RECORDS PROVIDED:

________________

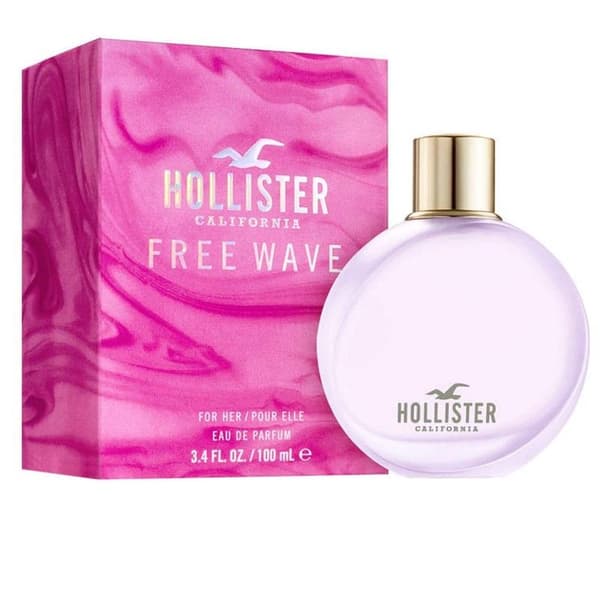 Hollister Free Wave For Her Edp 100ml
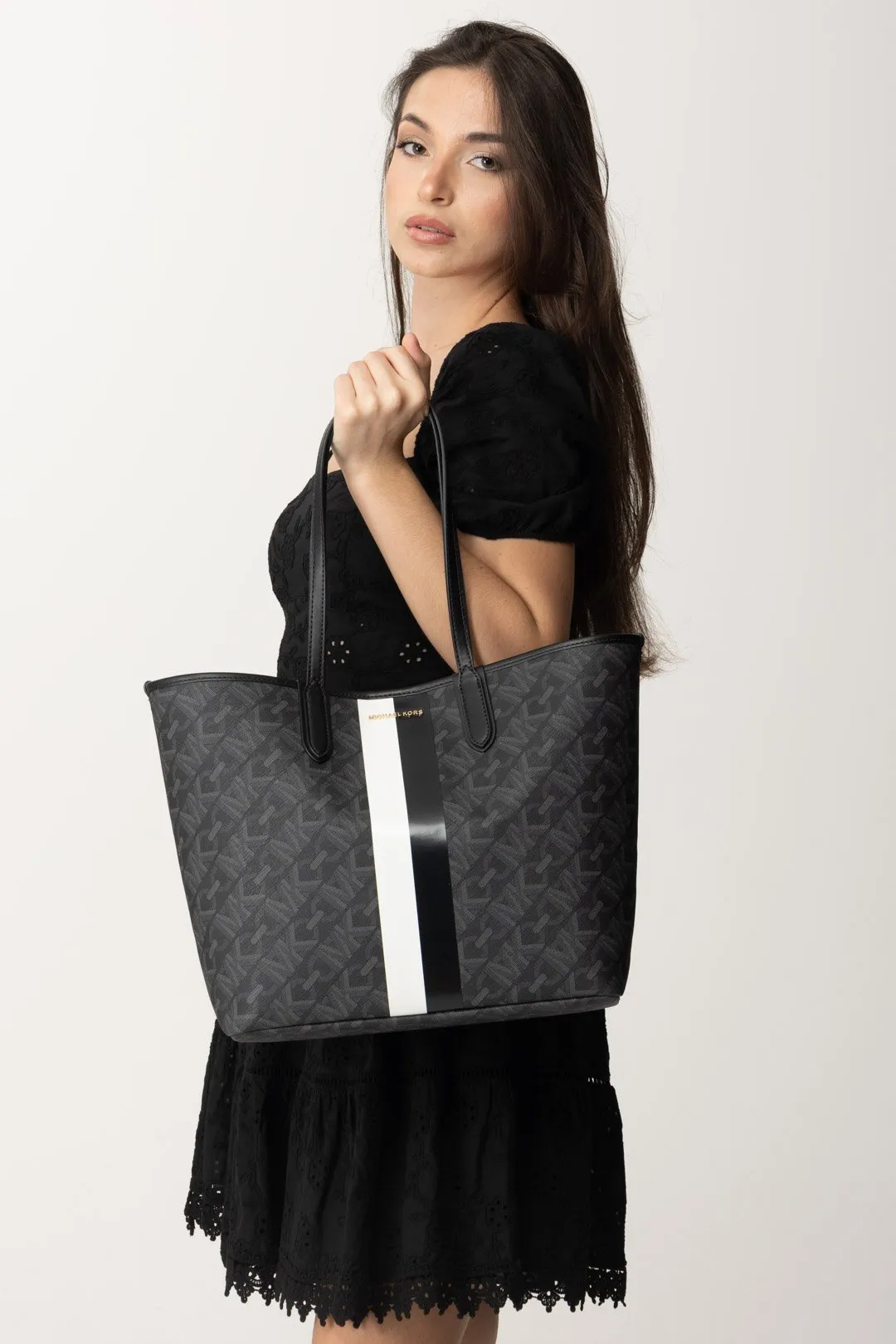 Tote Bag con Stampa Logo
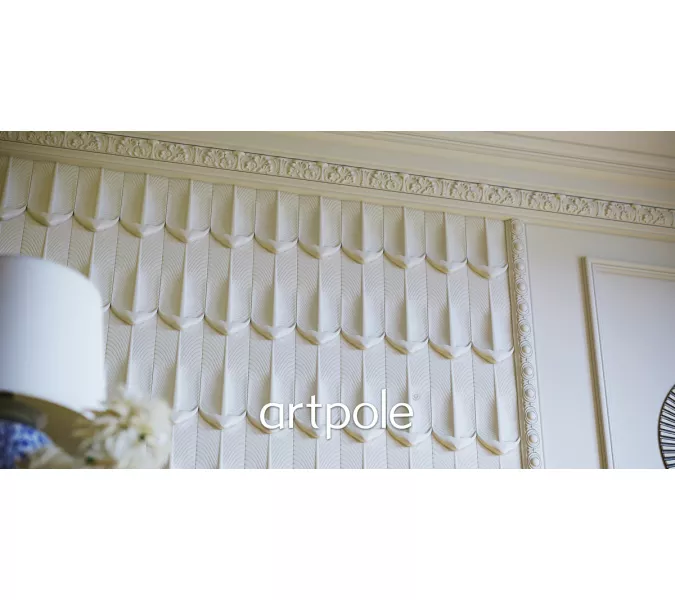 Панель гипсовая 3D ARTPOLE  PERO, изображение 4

________________

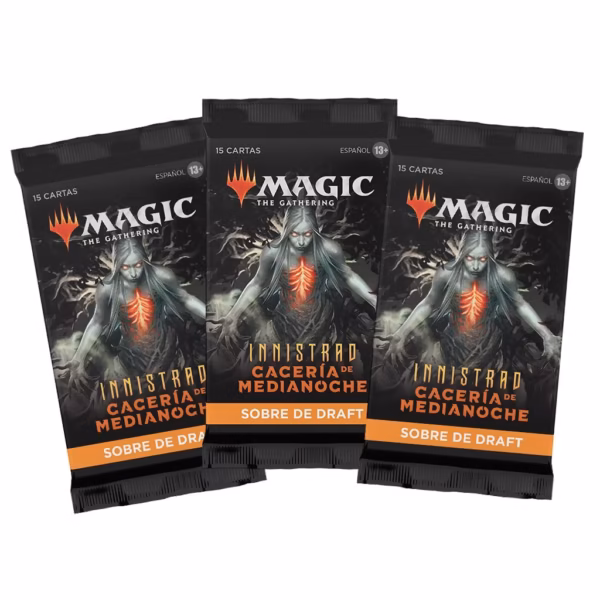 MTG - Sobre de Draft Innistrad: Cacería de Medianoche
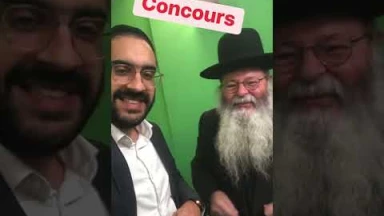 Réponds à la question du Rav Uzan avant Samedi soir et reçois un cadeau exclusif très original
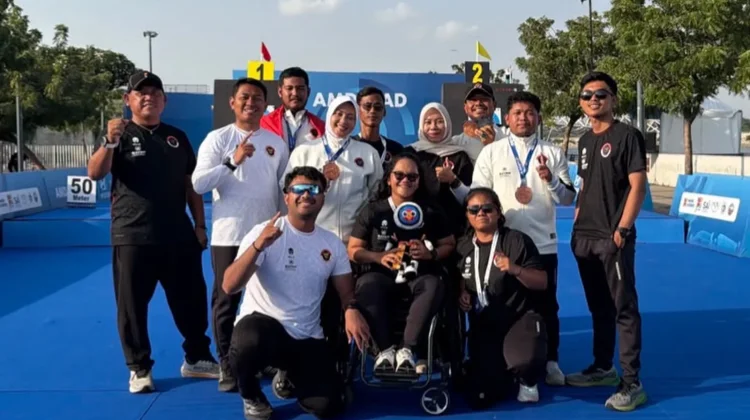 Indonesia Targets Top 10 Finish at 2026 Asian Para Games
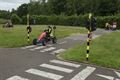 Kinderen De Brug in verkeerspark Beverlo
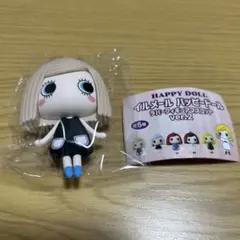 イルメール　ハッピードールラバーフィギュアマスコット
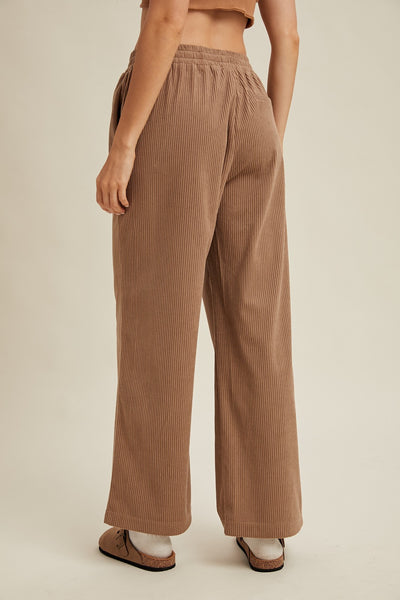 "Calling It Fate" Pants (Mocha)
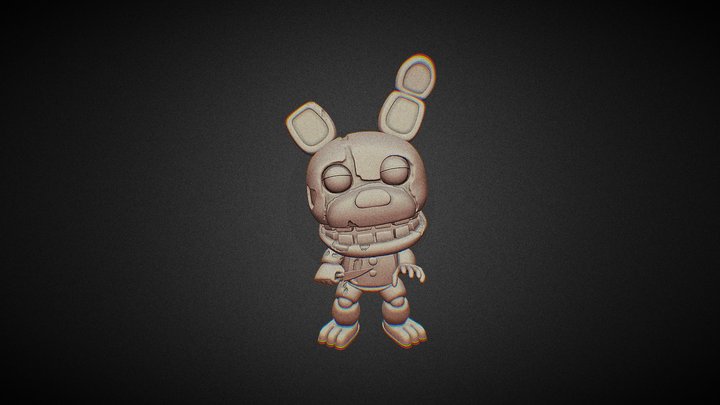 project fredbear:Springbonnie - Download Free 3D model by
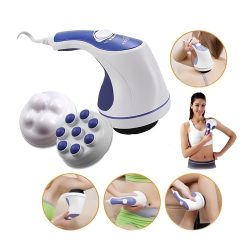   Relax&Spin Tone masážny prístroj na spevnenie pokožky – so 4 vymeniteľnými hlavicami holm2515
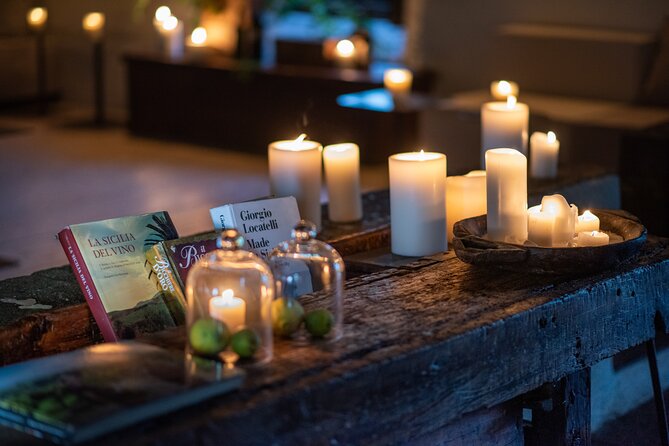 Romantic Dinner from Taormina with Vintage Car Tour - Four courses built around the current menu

________________

TASK OBJECTIVE: Transcribe exactly the lines above, beginning at the one with "Réponds à la" and going up to and including the one with "Relax&Spin Tone masážny". Pictures do not belong in the copy.

SOLUTION FOR THIS TASK:
 Réponds à la question du Rav Uzan avant Samedi soir et reçois un cadeau exclusif très original
 Indonesia Targets Top 10 Finish at 2026 Asian Para Games
 Kinderen De Brug in verkeerspark Beverlo
 イルメール　ハッピードールラバーフィギュアマスコット
 "Calling It Fate" Pants (Mocha)
 project fredbear:Springbonnie - Download Free 3D model by
   Relax&Spin Tone masážny prístroj na spevnenie pokožky – so 4 vymeniteľnými hlavicami holm2515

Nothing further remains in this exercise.